Random Baat: Python trick

The following tricks I find pretty useful in my daily Python work. I also added a few I stumbled upon lately.

1. Use collections

This really makes your code more elegant and less verbose, a few examples I absorbed this week:

Named tuples:


>>> Point = collections.namedtuple('Point', ['x', 'y'])
>>> p = Point(x=1.0, y=2.0)
>>> p
Point(x=1.0, y=2.0)

Now you can index by keyword, much nicer than offset into tuple by number (less readable)


>>> p.x
1.0
>>> p.y

Elegantly used when looping through a csv:


with open('stock.csv') as f:
    f_csv = csv.reader(f)
 headings = next(f_csv)
 Row = namedtuple('Row', headings)
 for r in f_csv:
 row = Row(*r) # note the star extraction
 # ... process row ...

I like the unpacking star feature to throw away useless fields:


line = 'nobody:*:-2:-2:Unprivileged User:/var/empty:/usr/bin/false'
>>> uname, *fields, homedir, sh = line.split(':')
>>> uname
'nobody'
>>> homedir
'/var/empty'
>>> sh
'/usr/bin/false'

Superconvenient: the defaultdict:


from collections import defaultdict
rows_by_date = defaultdict(list)
for row in rows:
    rows_by_date[row['date']].append(row)",

Before I would init the list each time which leads to needless code:

if row['date'] not in rows_by_date:


 rows_by_date[row['date']] = []

You can use OrderedDict to leave the order of inserted keys:


>>> import collections
>>> d = collections.OrderedDict()
>>> d['a'] = 'A'
>>> d['b'] = 'B'
>>> d['c'] = 'C'
>>> d['d'] = 'D'
>>> d['e'] = 'E'
>>> for k, v in d.items():
...     print k, v
... 
a A
b B
c C
d D
e E

Another nice one is Counter:

from collections import Counter


words = [
  'look', 'into', 'my', 'eyes', 'look', 'into', 'my', 'eyes',
  'the', 'eyes', 'the', 'eyes', 'the', 'eyes', 'not', 'around', 'the',
  'eyes', ""don't"", 'look', 'around', 'the', 'eyes', 'look', 'into',
  'my', 'eyes', ""you're"", 'under'
]
word_counts = Counter(words)
top_three = word_counts.most_common(3)
print(top_three)
# Outputs [('eyes', 8), ('the', 5), ('look', 4)]",

Again, before I would write most_common manually. Not necessary, this is all done already somewhere in the stdlib :)
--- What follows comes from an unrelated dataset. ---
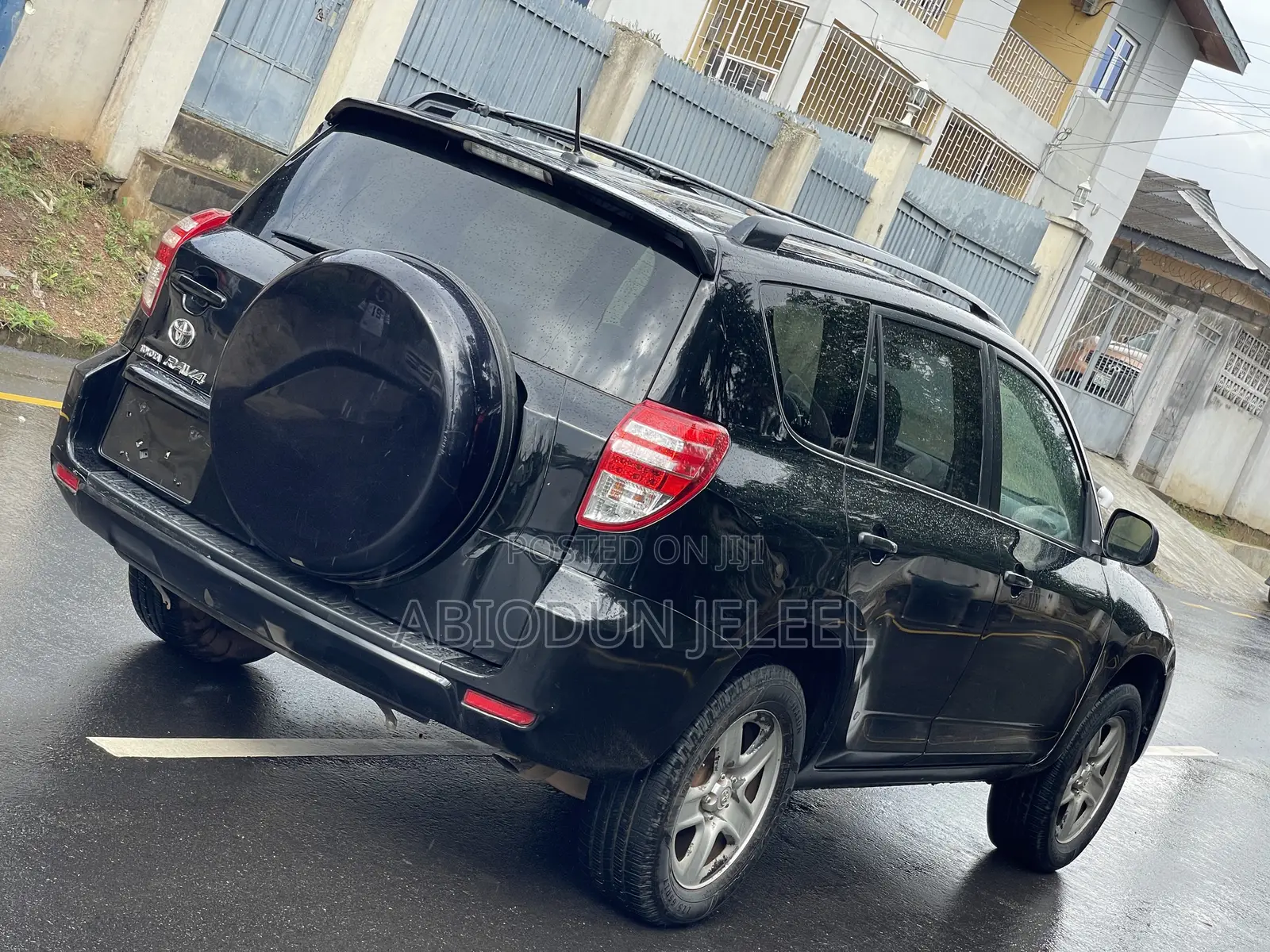 Toyota RAV4 2010 Black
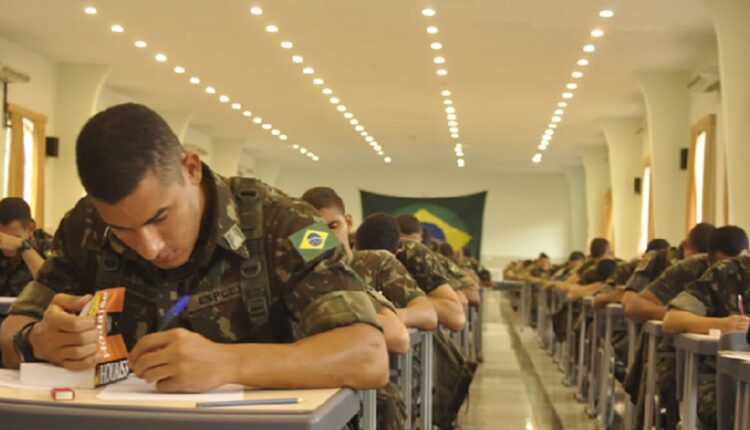 Concursos Militares 2024: veja oportunidades abertas e previstas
2. sorted() accepts a key arg which you can use to sort on something else

Here for example we sort on surname:


>>> sorted(names, key=lambda name: name.split()[-1].lower())
['Ned Batchelder', 'David Beazley', 'Raymond Hettinger', 'Brian Jones']

3. Create XMl from dict

Creating XML tags manually is usually a bad idea, I bookmarked this simple dict_to_xml helper:


from xml.etree.ElementTree import Element
def dict_to_xml(tag, d):
    '''
    Turn a simple dict of key/value pairs into XML
    '''
    elem = Element(tag)
    for key, val in d.items():
        child = Element(key)
        child.text = str(val)
        elem.append(child)
    return elem"

4. Oneliner to see if there are any python files in a particular directory

Sometimes ‘any’ is pretty useful:


import os
files = os.listdir('dirname')
if any(name.endswith('.py') for name in files):
5. Use set operations to match common items in lists
>>> a = [1, 2, 3, 'a']
>>> b = ['a', 'b', 'c', 3, 4, 5]
>>> set(a).intersection(b)
{3, 'a'}

6. Use re.compile

If you are going to check a regular expression in a loop, don’t do this:


for i in longlist:
  if re.match(r'^...', i)
yet define the regex once and use the pattern:
p = re.compile(r'^...')
for i in longlist: 
  if p.match(i)

7. Printing files with potential bad (Unicode) characters

The book suggested to print filenames of unknown origin, use this convention to avoid errors:


def bad_filename(filename):
    return repr(filename)[1:-1]
try:
    print(filename)
except UnicodeEncodeError:
    print(bad_filename(filename))

Handling unicode chars in files can be nasty because they can blow up your script. However the logic behind it is not that hard to grasp. A good snippet to bookmark is the encoding / decoding of Unicode:


>>> a
'pýtĥöñ is awesome\n'
>>> b = unicodedata.normalize('NFD', a)
>>> b.encode('ascii', 'ignore').decode('ascii')
'python is awesome\n'

O’Reilly has a course on Working with Unicode in Python.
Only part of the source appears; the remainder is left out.